- _EXERCISE_
From the first line to the last, copy the material word for word; pictures stay out.

- _DATASET SECTION_
· · · ·
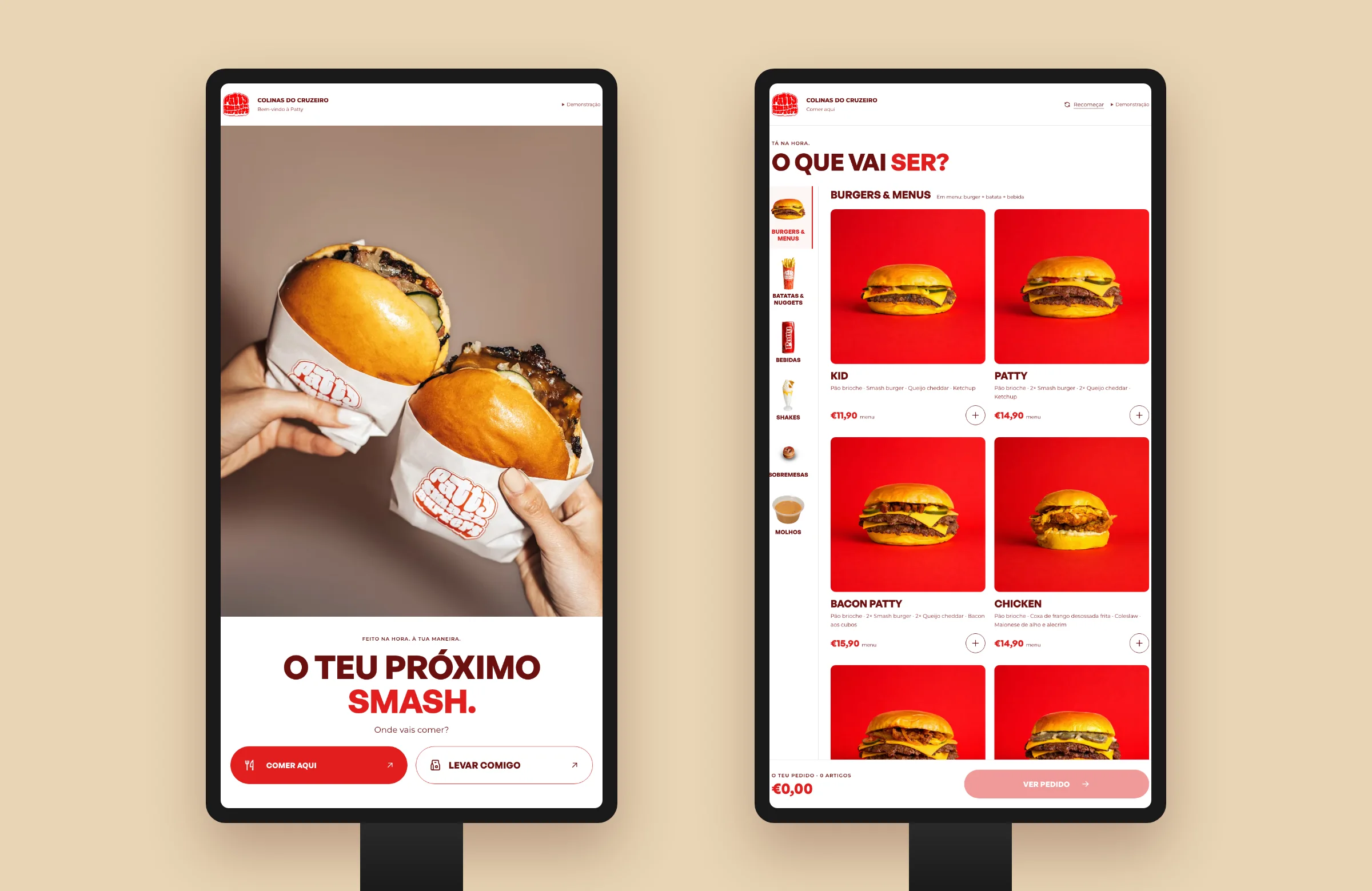 Patty self-service kiosk at Colinas do Cruzeiro: eat in or take away, then the menu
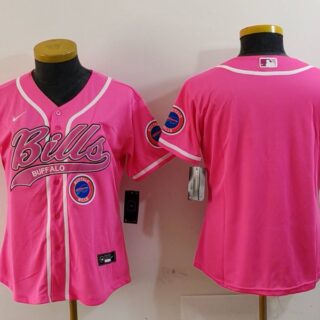 Women's Buffalo Bills Pink Team Big Logo With Patch Cool Base Stitched Baseball Jerseys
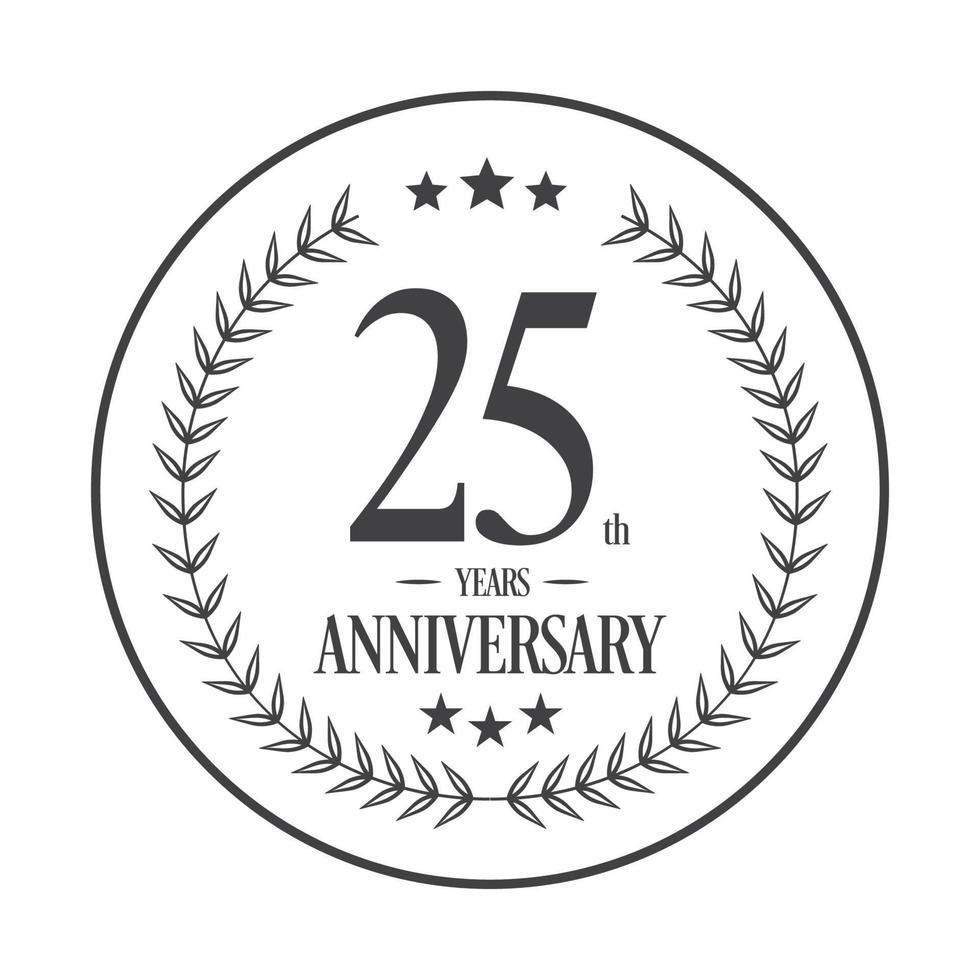 Luxury 25th anniversary Logo illustration vector.Free vector illustration Free Vector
· · · ·
- _RESPONSE AREA_
 Patty self-service kiosk at Colinas do Cruzeiro: eat in or take away, then the menu
 Women's Buffalo Bills Pink Team Big Logo With Patch Cool Base Stitched Baseball Jerseys
 Luxury 25th anniversary Logo illustration vector.Free vector illustration Free Vector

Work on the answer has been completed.